● **Dataset content**:
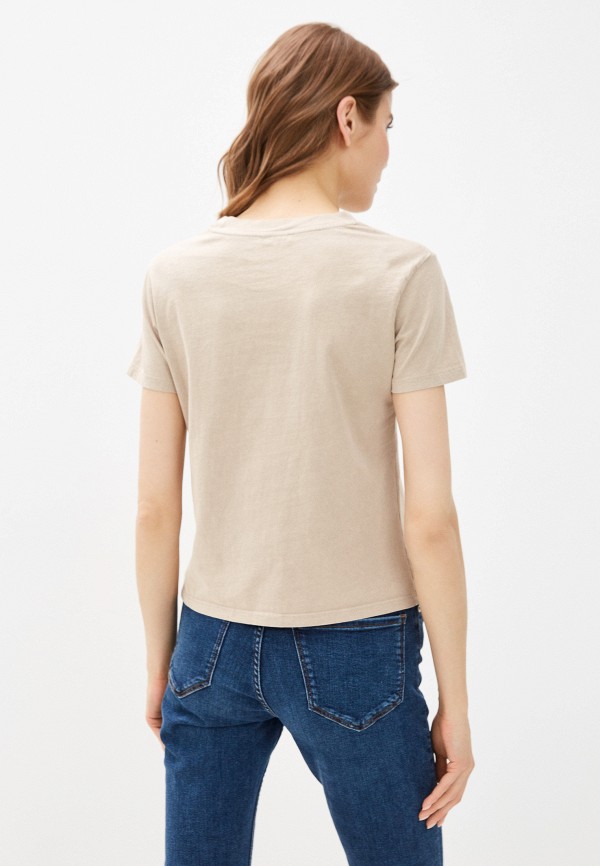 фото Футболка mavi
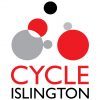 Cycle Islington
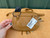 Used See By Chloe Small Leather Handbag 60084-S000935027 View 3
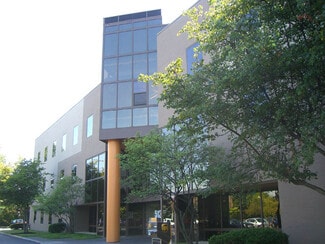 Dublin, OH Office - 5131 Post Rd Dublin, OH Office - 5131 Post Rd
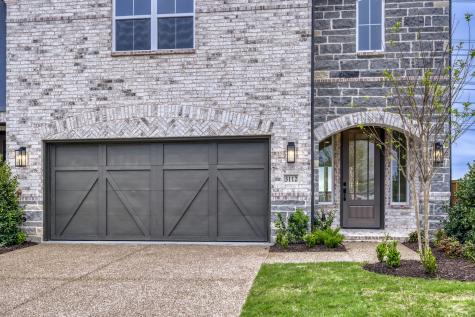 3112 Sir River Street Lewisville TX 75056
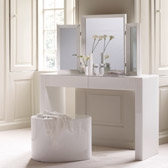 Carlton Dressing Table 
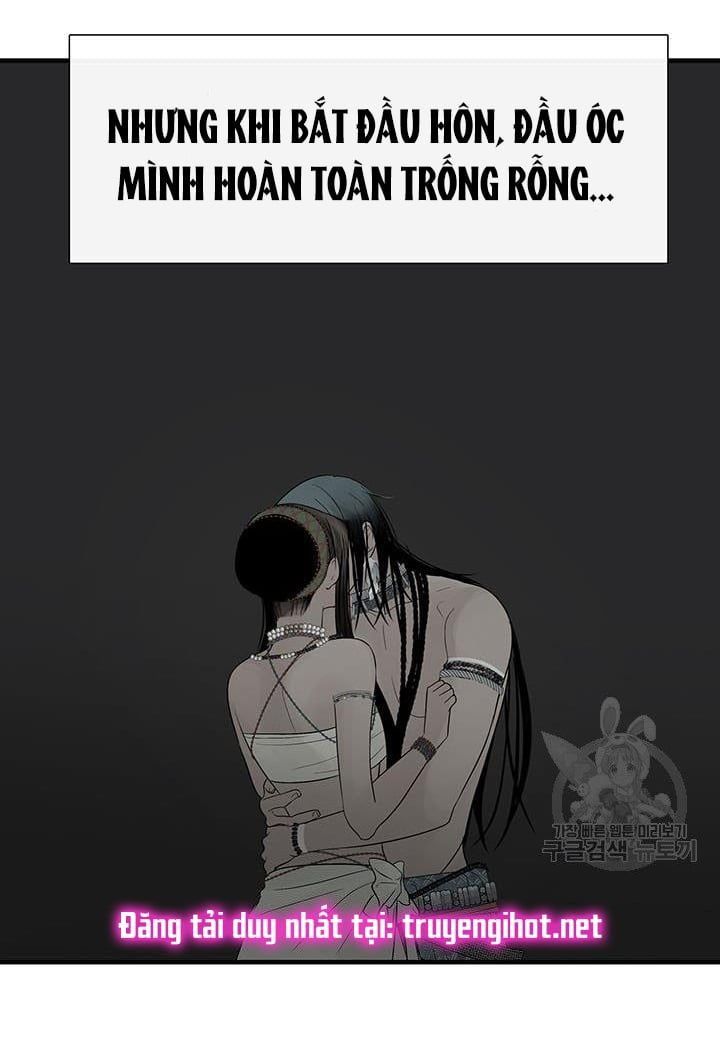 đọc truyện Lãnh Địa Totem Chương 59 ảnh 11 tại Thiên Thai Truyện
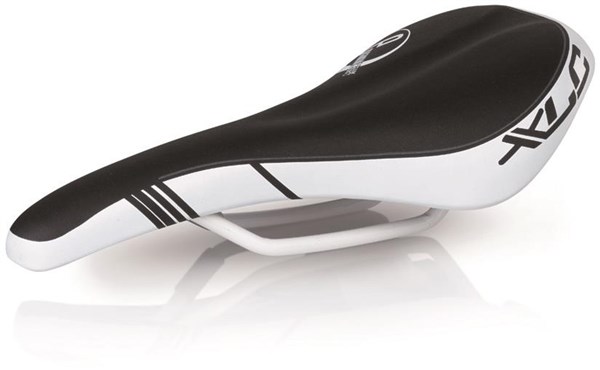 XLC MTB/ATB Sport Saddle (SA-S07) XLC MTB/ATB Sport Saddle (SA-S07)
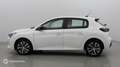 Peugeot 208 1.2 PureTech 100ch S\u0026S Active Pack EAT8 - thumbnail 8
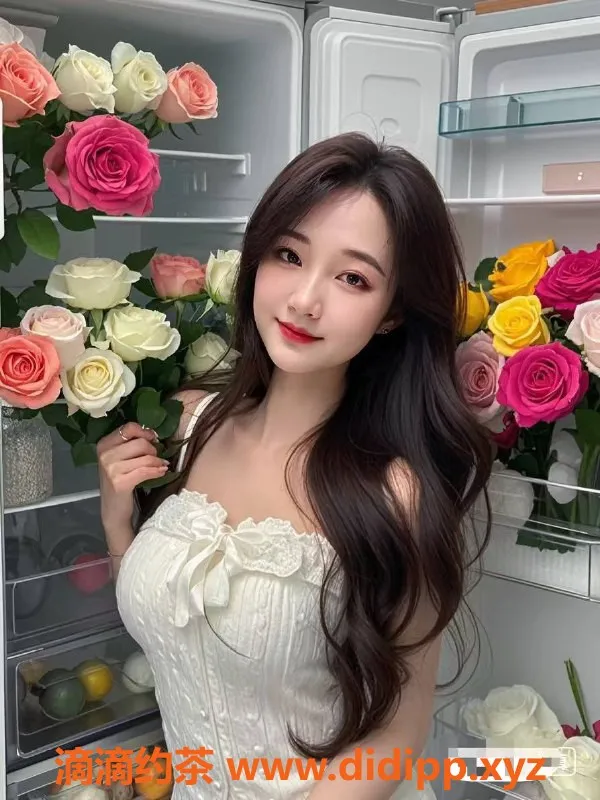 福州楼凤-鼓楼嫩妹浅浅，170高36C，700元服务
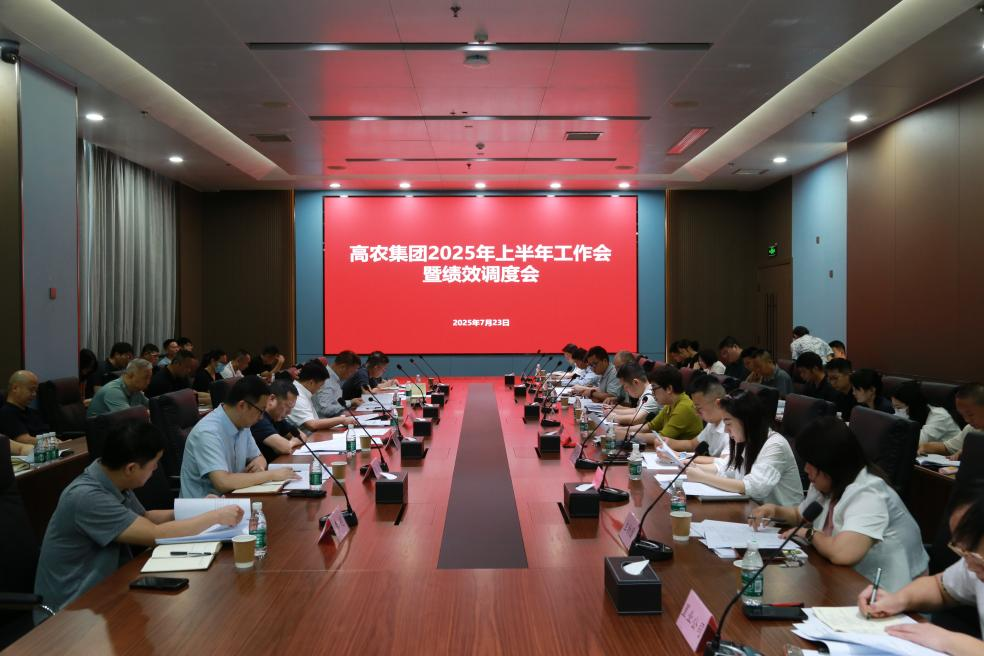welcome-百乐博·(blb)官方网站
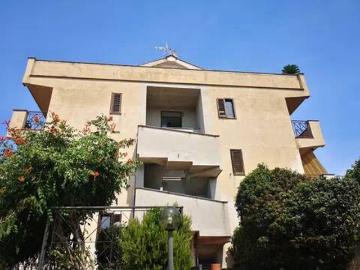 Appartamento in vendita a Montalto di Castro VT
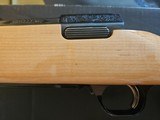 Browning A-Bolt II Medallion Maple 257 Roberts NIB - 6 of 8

* * *

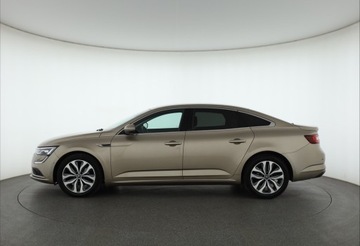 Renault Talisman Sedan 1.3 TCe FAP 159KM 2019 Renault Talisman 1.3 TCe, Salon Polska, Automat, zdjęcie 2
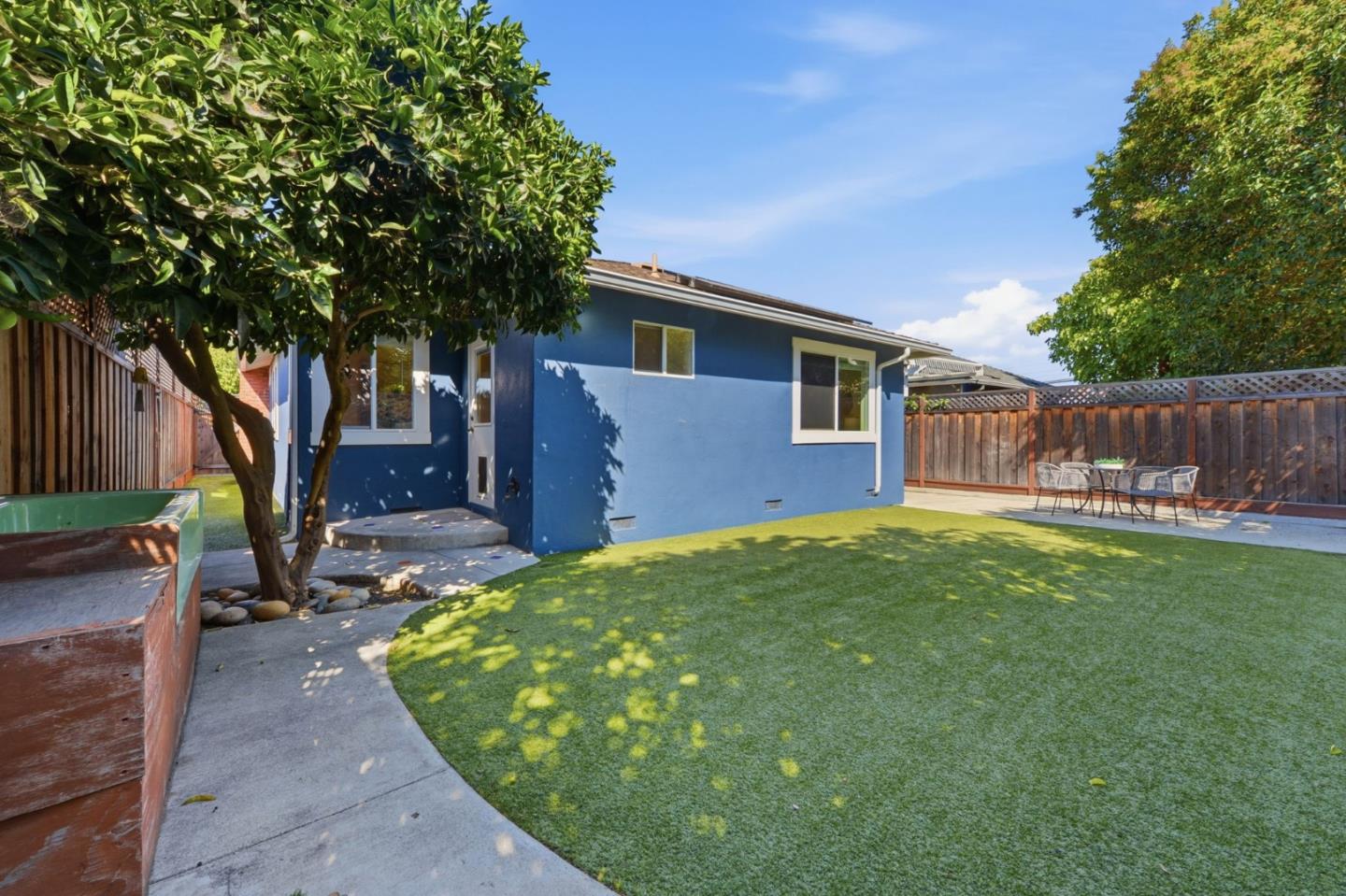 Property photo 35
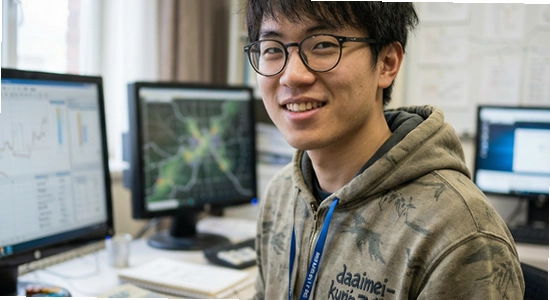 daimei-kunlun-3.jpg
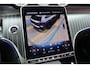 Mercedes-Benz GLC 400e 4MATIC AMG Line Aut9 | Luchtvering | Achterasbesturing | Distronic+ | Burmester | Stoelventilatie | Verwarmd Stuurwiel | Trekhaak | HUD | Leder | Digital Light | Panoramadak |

* * *

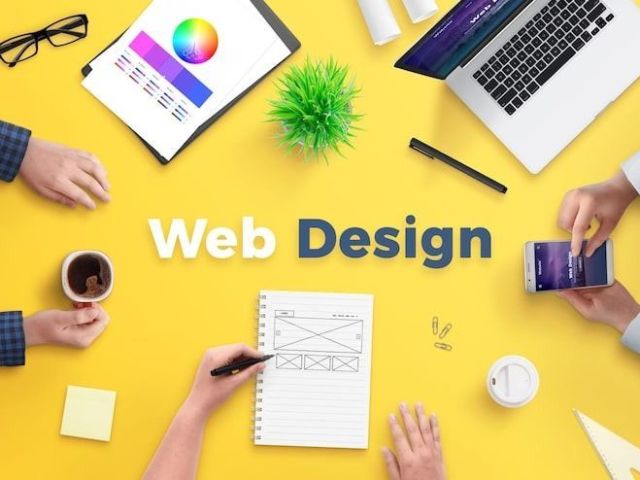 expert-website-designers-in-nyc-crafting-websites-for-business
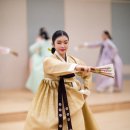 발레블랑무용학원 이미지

● **What is required**:
Return only the stretch above from the line containing "фото Футболка mavi" through the line containing "XLC MTB/ATB Sport Saddle (SA-S07) XLC", word for word and without pictures.

● **Finished task**:
 фото Футболка mavi
 Cycle Islington
 Used See By Chloe Small Leather Handbag 60084-S000935027 View 3
 Dublin, OH Office - 5131 Post Rd Dublin, OH Office - 5131 Post Rd
 3112 Sir River Street Lewisville TX 75056
 Carlton Dressing Table 
 đọc truyện Lãnh Địa Totem Chương 59 ảnh 11 tại Thiên Thai Truyện
 XLC MTB/ATB Sport Saddle (SA-S07) XLC MTB/ATB Sport Saddle (SA-S07)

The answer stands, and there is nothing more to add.